On November 2, 2023, EPA granted the petition and announced its plan 1. to take action to address 6PPD and 6PPD-quinone in an advance notice of proposed rulemaking under TSCA section 6 (with no projected timeline for rulemaking) and 2. to propose a rule under section 8(d) of TSCA (planned to be finalized by 2025) requiring manufacturers (including importers) of 6PPD to report certain lists and copies of unpublished health and safety studies to EPA.

In approving the petition, EPA specifically cited non-tire sources of 6PPD/q as potential pathways of contamination warranting further research. Further work along these lines of review, which most certainly will dovetail with Washington and California state action planning processes and tire waste management reviews, may drive the agency to take more broadly applicable actions under TSCA.

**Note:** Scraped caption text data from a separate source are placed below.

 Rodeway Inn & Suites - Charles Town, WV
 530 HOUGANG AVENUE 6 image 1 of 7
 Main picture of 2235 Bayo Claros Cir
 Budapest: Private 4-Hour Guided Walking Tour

Shortly after EPA granted the TSCA petition, on November 8, 2023, a conservation group and fishing trade organization (fishing groups) sued 13 of the largest U.S. tire manufacturers over the use of 6PPD in rubber tires. The fishing groups sued in the Northern District of California under section 9 of the Endangered Species Act (ESA), 16 U.S.C. § 1540(g), which prohibits “take” of endangered species. See 16 U.S.C. § 1538(a)(1)(B); see also 16 U.S.C. § 1532(19). The fishing groups claim that the tire manufacturers’ use of 6PPD generates and contributes to contamination of waters near roads with 6PPD-q, imperiling the recovery of 24 populations of coho and Chinook salmon and steelhead trout––three of the species most affected by 6PPD-quinone, and each of which is protected under the ESA. Complaint Exhibit A, at 31.

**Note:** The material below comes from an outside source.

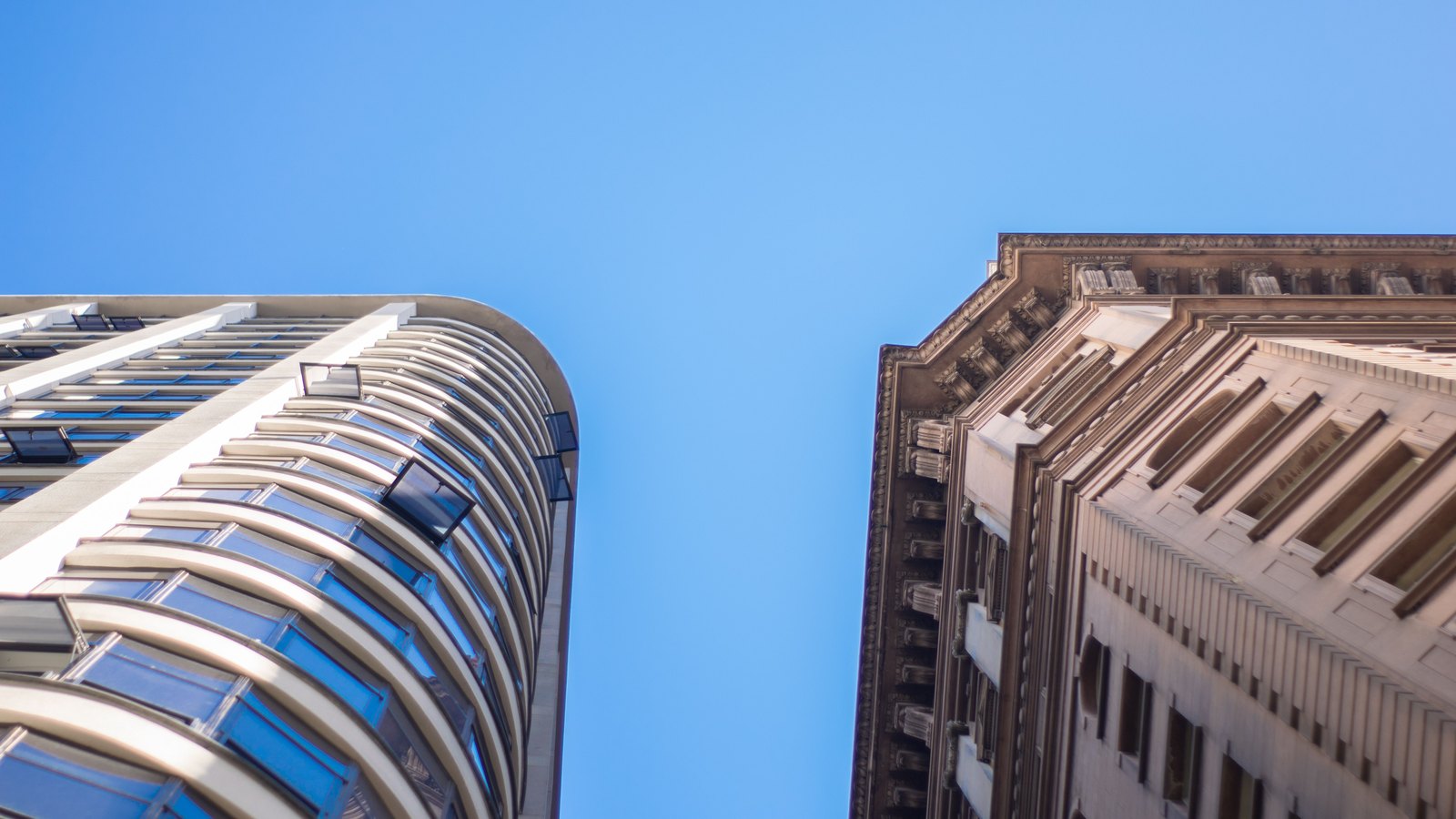A photograph illustrating office buildings downtown.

This ESA action was launched only a few months after a notice of intent to sue letter was sent by the Center for Biological Diversity to the California Department of Transportation, the U.S. Department of Transportation, the Oregon Division of the Federal Highway Administration, the National Marine Fisheries Service, and the Secretary of Commerce for alleged “actions and inactions related to maintenance and management of roads affecting imperiled coho and chinook salmon and their critical habitat in California and Oregon.” The controversy is pending. 

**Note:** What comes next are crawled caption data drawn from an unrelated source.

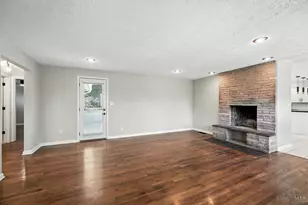 346 Hyde Park Dr, Hamilton, OH 45013 - Photo 5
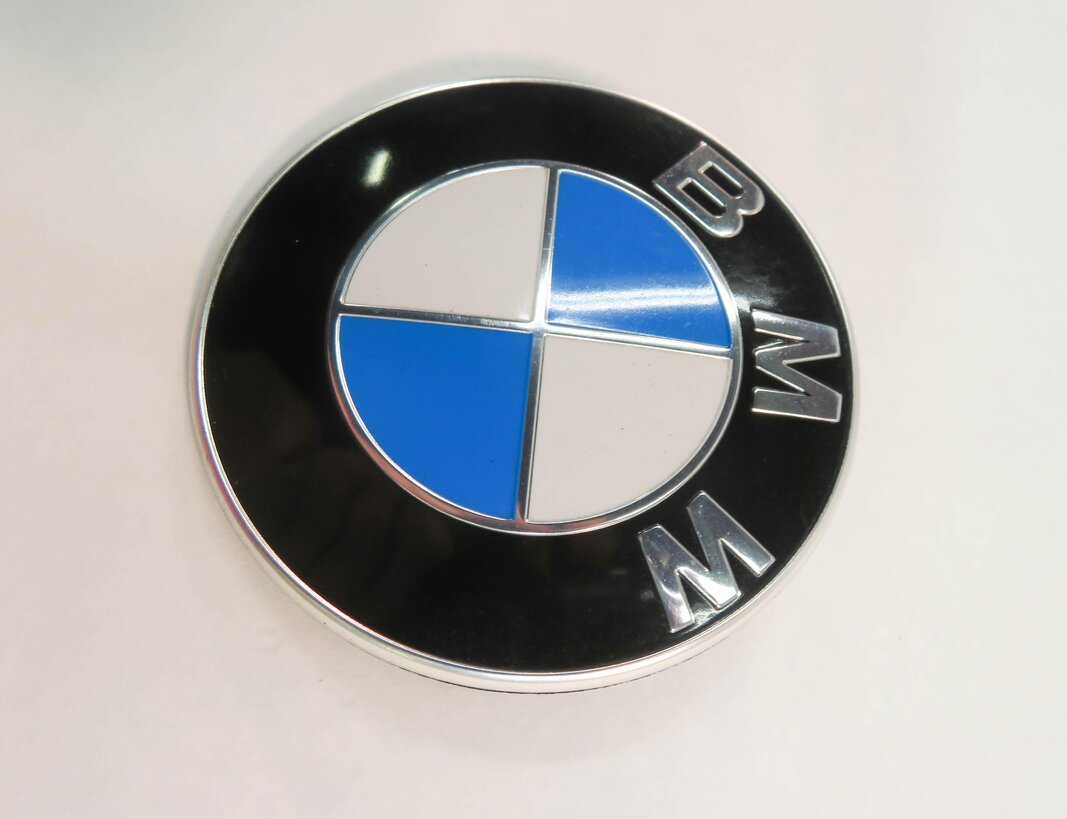 Thumbnail 3: 2013 BMW ACTIVEHYBRID-3 (F30) BMW EMBLEM LOGO BADGE NAME PLATE SYMBOL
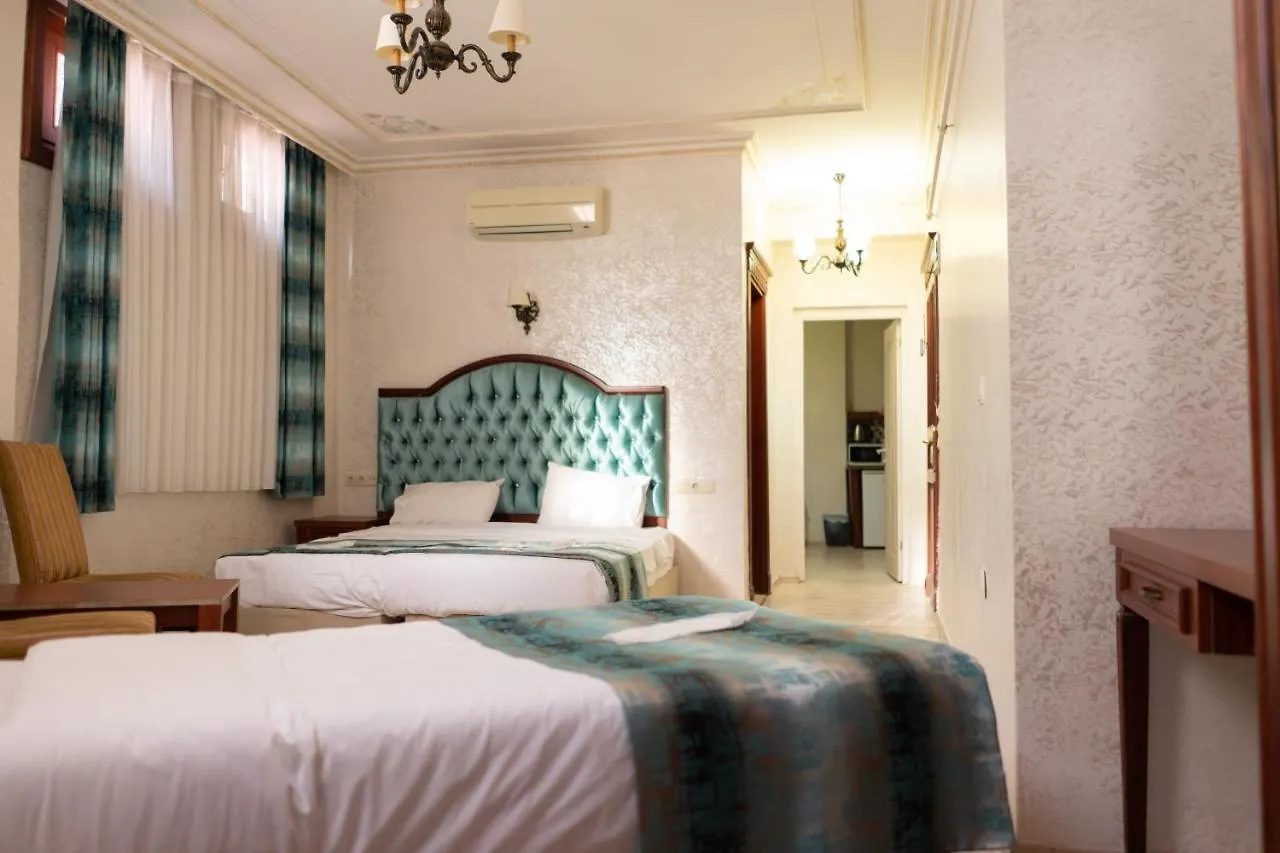 Atam Suites İstanbul 3*,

With ESA actions in the queue, state action plans for chemical management under development in California and Washington, key stormwater permits under final review at both state and federal agencies, and the nation running full speed into this election year, the next 18 months of 6PPD and 6PPD-quinone management will likely be quite active. Additionally, there is an emerging field of research on 6PPD/q human health impacts, including tracing of exposure pathways––such as inhalation of tire wear particles in roadside dust, drinking water contamination, or skin contact and incidental ingestion of crumb rubber used for recreational facilities or landscaping.

Looming large over these conversations—for salmon—is the quite simple problem that stems from the simple solution to 6PPD-quinone: green infrastructure. Given the ubiquitousness of 6PPD, the fact that treating stormwater (including with bioinfiltration) can mitigate stormwater’s toxicity, and the challenges in finding alternatives for tire anti-degradants, how will our legal systems respond? To save salmon—and the communities and ecosystems that depend on salmon—significant investments in green infrastructure projects throughout watersheds, on public and private property, for both new projects and existing systems, are clearly needed. But will they be required, and if so, within which legal framework?